# TASK OBJECTIVE:
Only the lines from the start of the entries through the line with "Gun A-Aesthetics and" should be returned, each exactly as it stands, and no pictures.

# RECORDS TO USE:
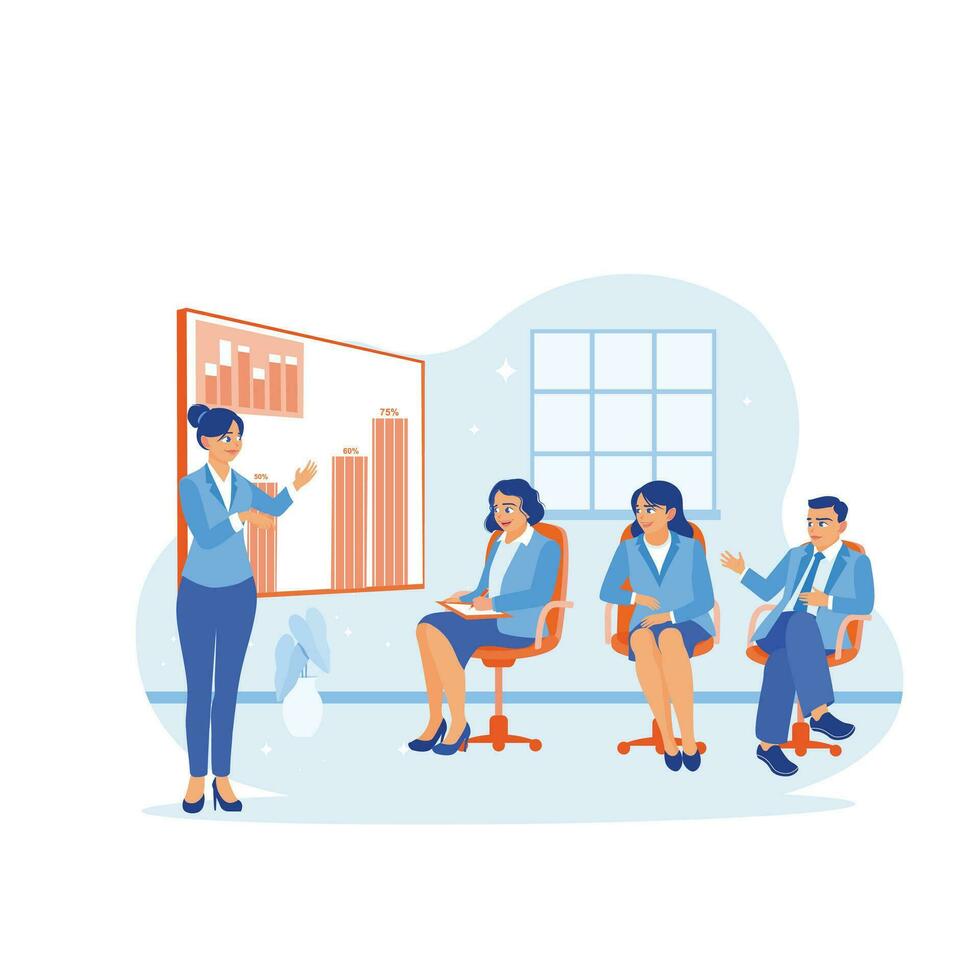 The female manager leads a meeting with other colleagues inside the office. Analyze graphs on the projector screen and discuss with each other during meetings. Business analysis concept. vector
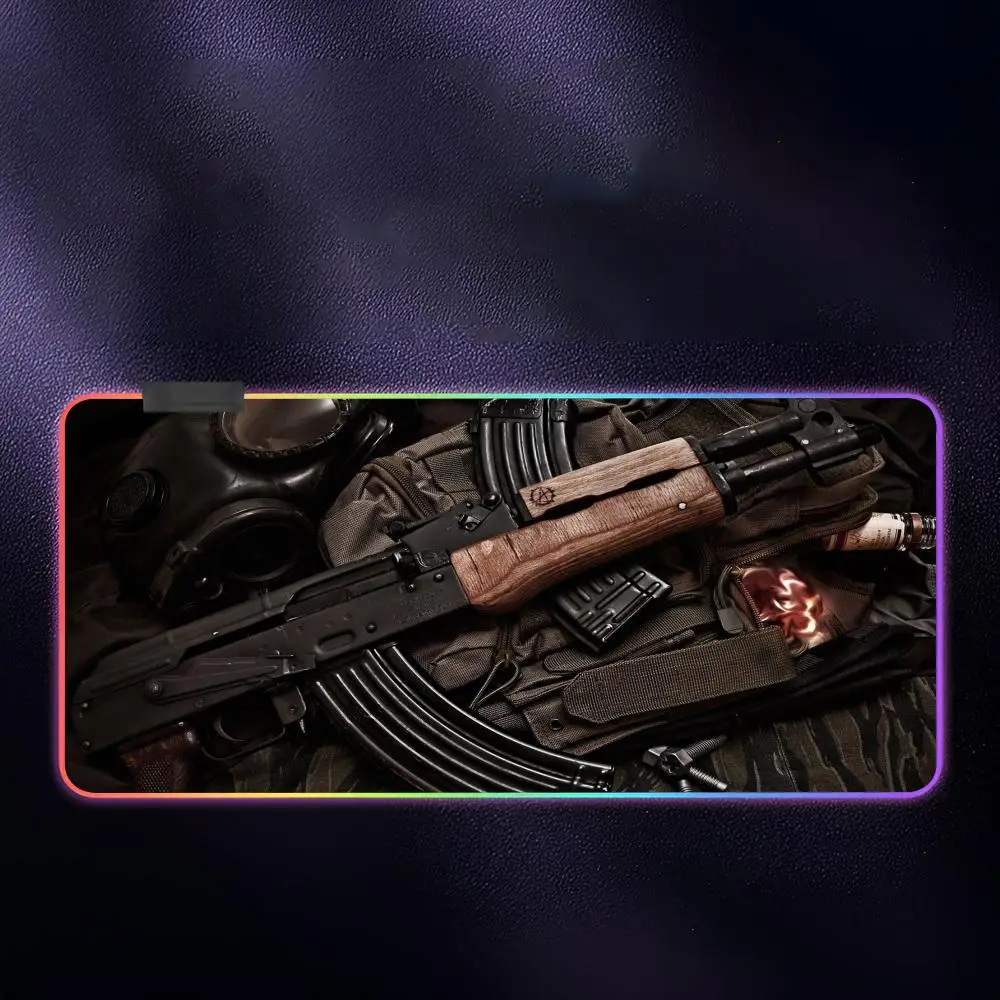 Gun A-Aesthetics and Arts Mouse Pad RGB Gaming Mousepad LED Large Games Mouse pads XXL Keyboard Pad Luminous Desk Mat Backlit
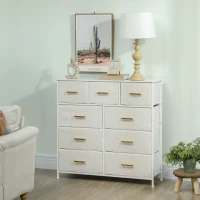 HOMCOM Chest of Drawers with 9 Fabric Drawers, Boucle Storage Organiser with Steel Frame, Fabric Dresser for Bedroom, Living Room, Hallway, Cream White(m-10)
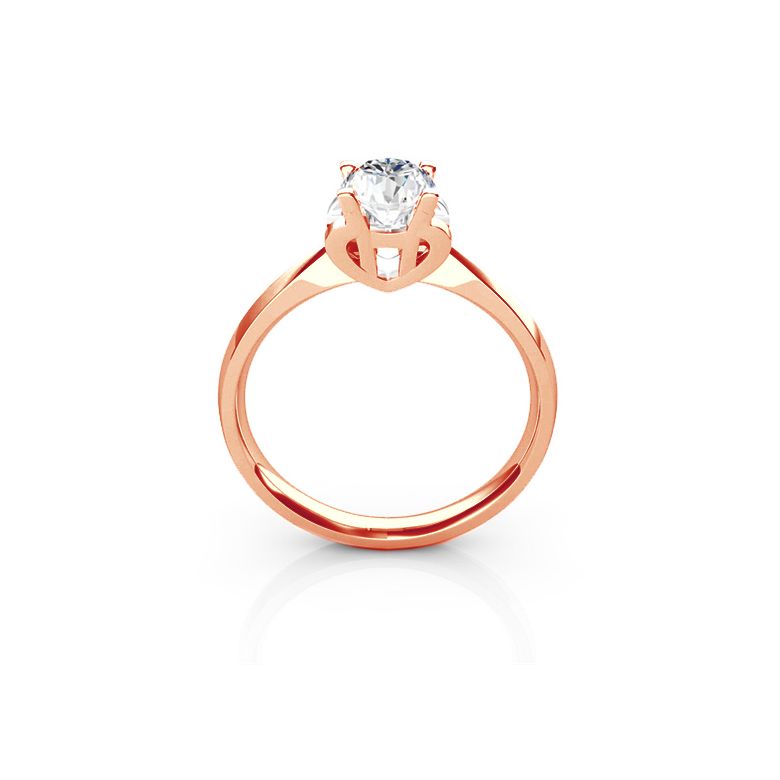 Bague prénom - Lettre H - Diamant, or rose | Gemperles - 1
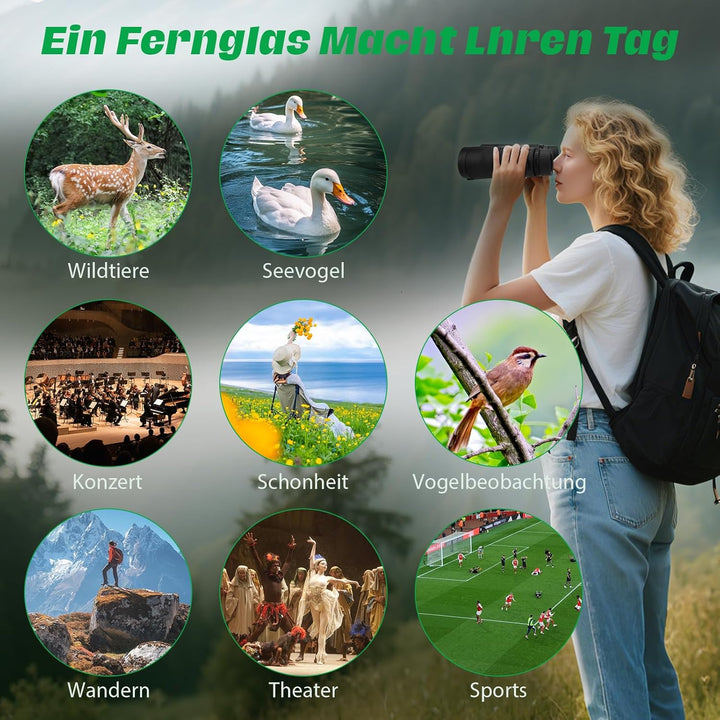 Feldstecher Fernglas Erwachsene, Binoculars Professional mit BAK4-Prisma & FMC-Vergütung 12x42 HD-Fe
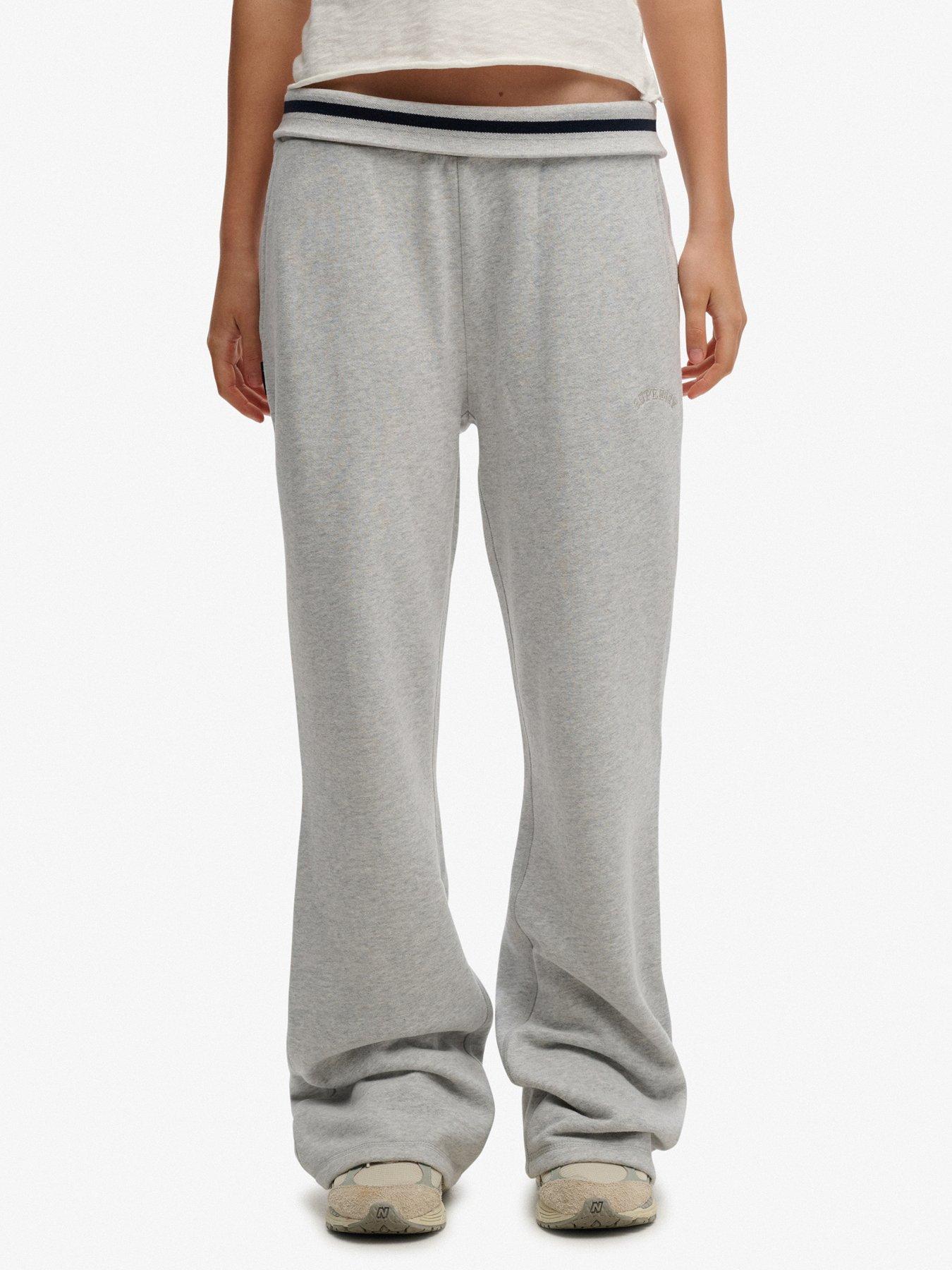 Superdry Essential Logo Low Rise Flare Jogger, Grey, Size 8, Women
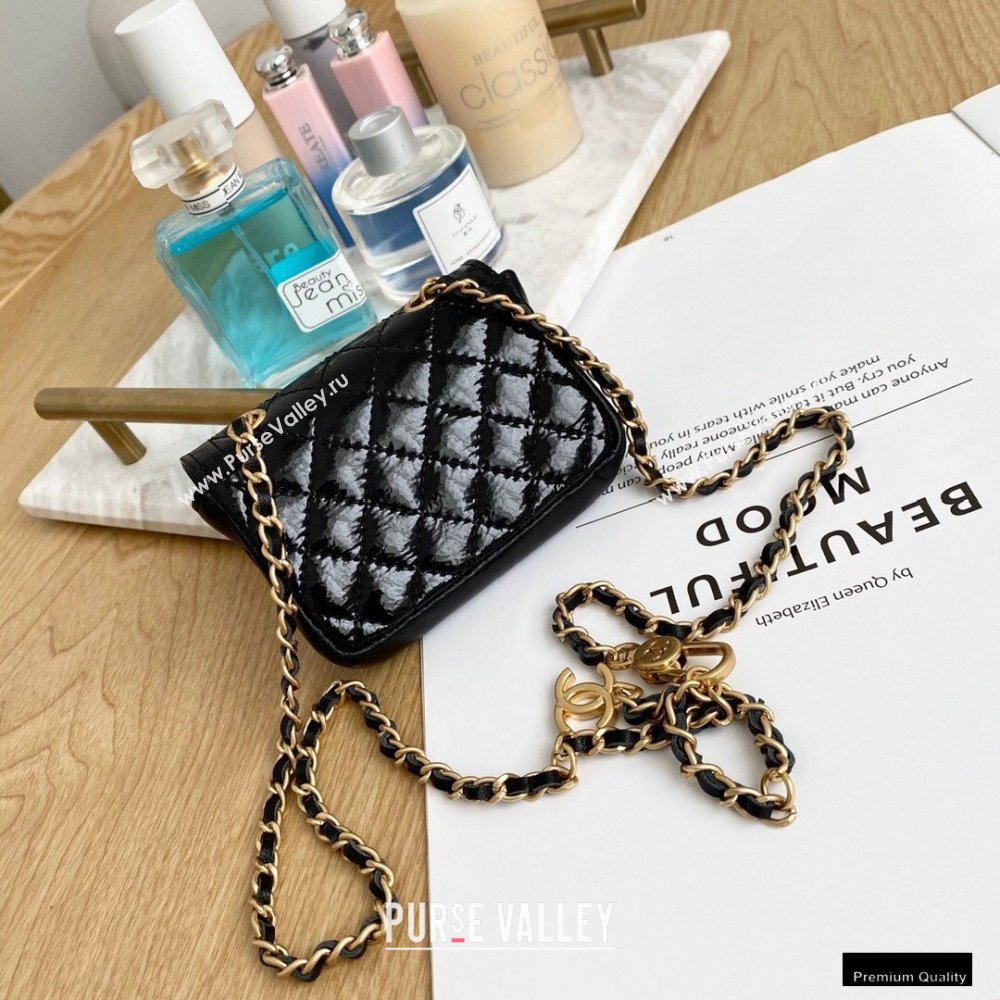 Chanel Crumpled Calfskin Waist Bag Black 2021 (yingfeng-21012216)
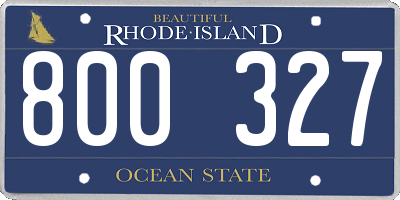 RI license plate 800327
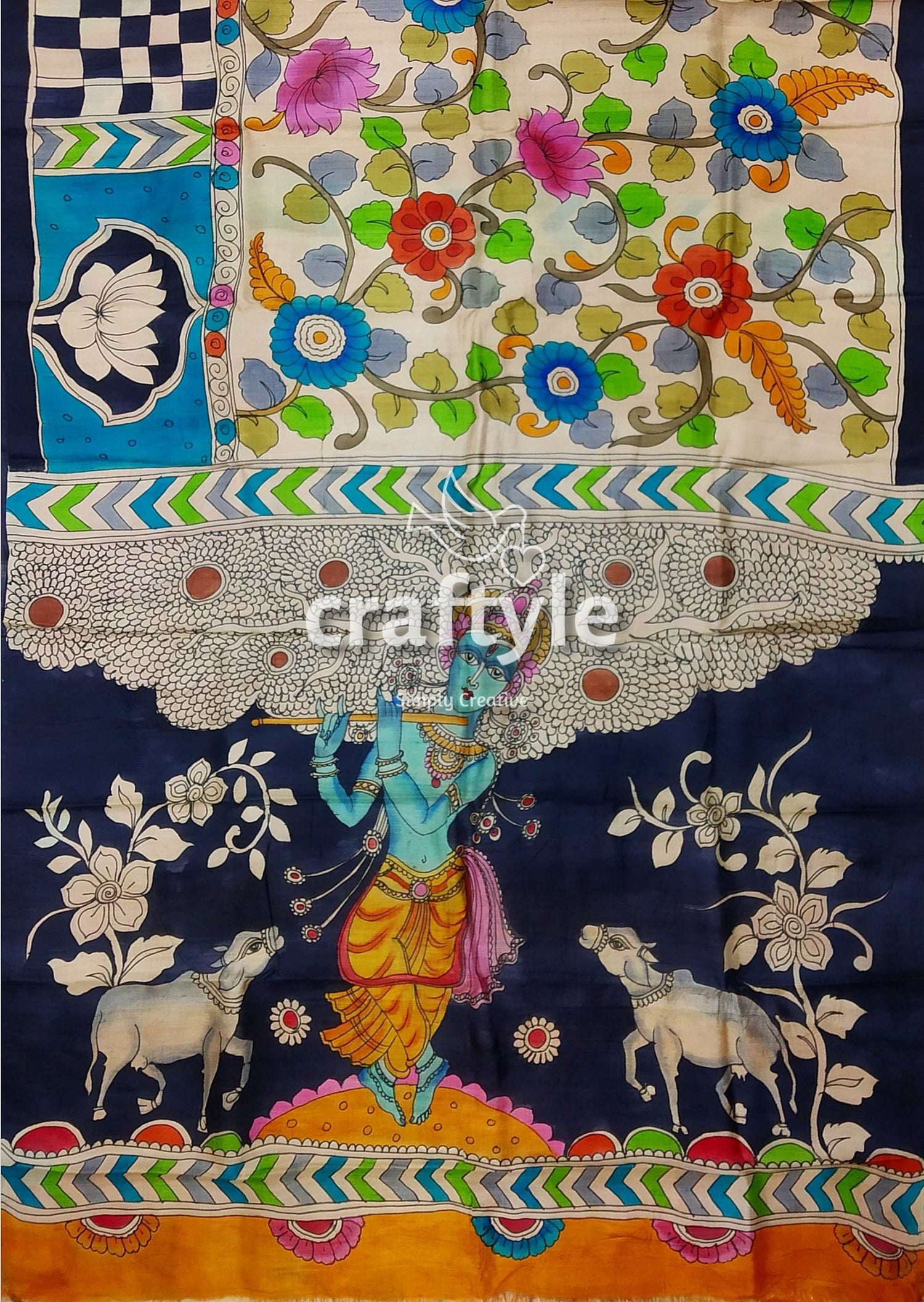 Fish Motif Spanish Green Floral Design Hand Painted Pure Tussar Kalamkari Saree - Craftyle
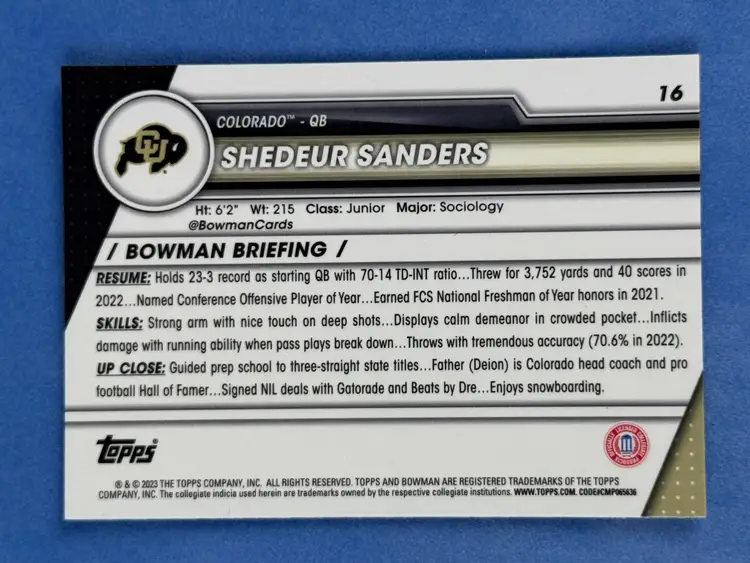 SHEDEUR SANDERS 2023 Bowman U Football 1st Bowman #16 Colorado Buffalos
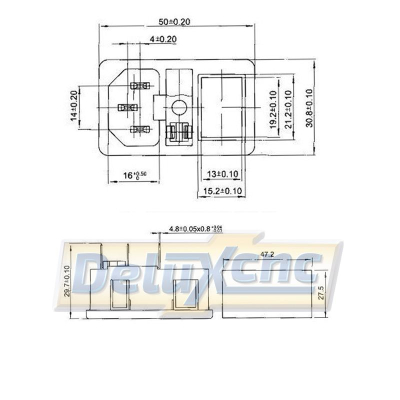 Wippschalter mit 10-A-Sicherung und IEC320 C14-Stecker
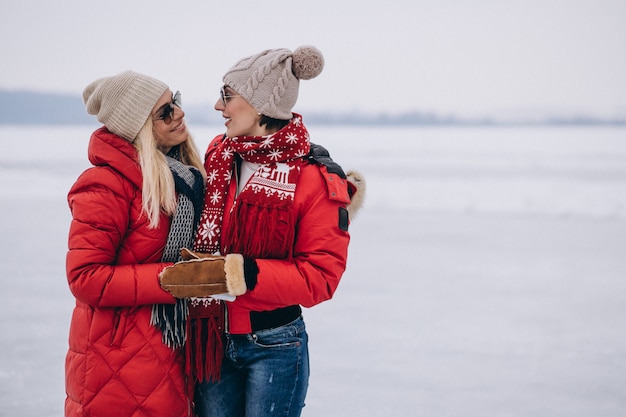 Free Photo mother and daughter together walking in park in winter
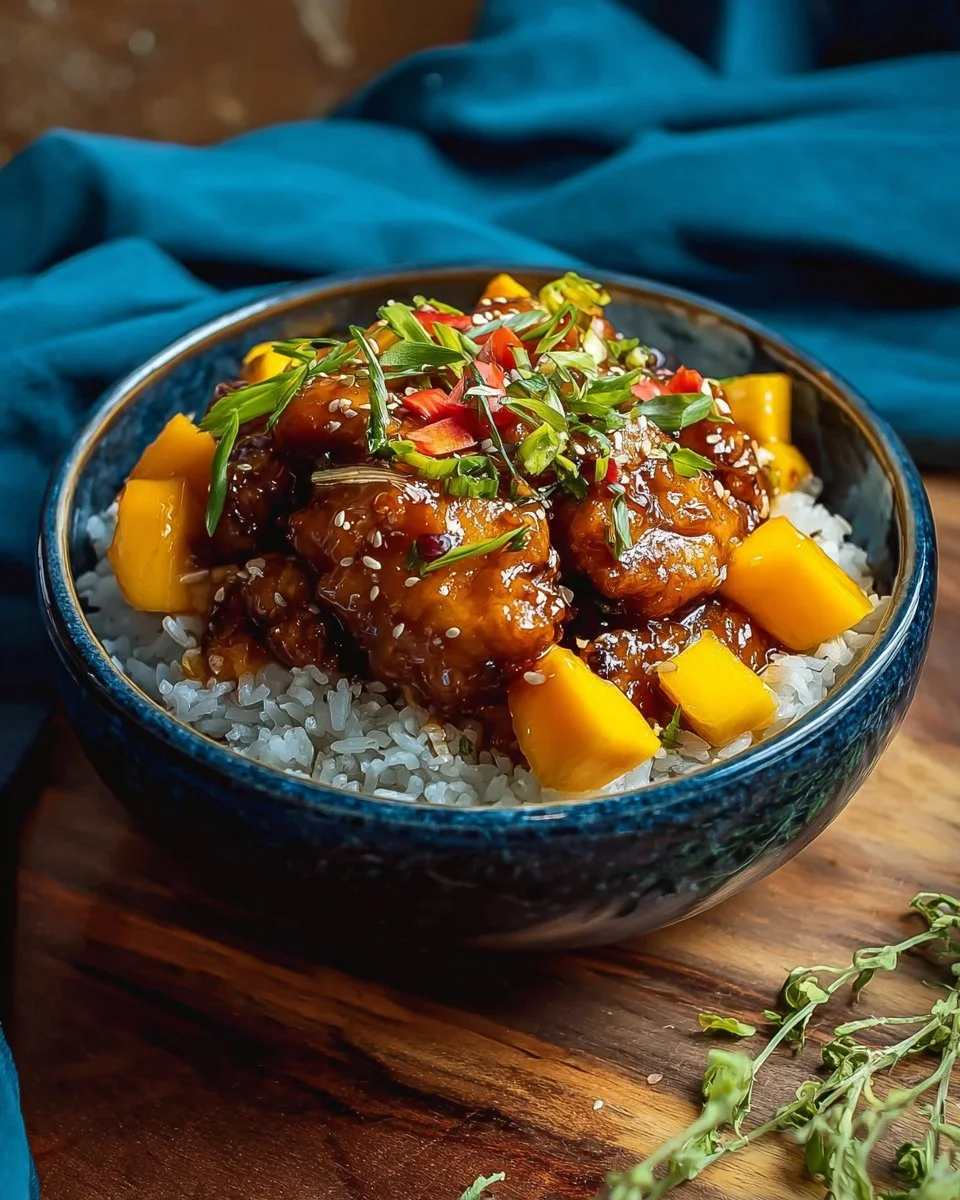 Plate of succulent Asian Mango Chicken garnished with fresh herbs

# SOLUTION TO THE PROBLEM:
 The female manager leads a meeting with other colleagues inside the office. Analyze graphs on the projector screen and discuss with each other during meetings. Business analysis concept. vector
 Gun A-Aesthetics and Arts Mouse Pad RGB Gaming Mousepad LED Large Games Mouse pads XXL Keyboard Pad Luminous Desk Mat Backlit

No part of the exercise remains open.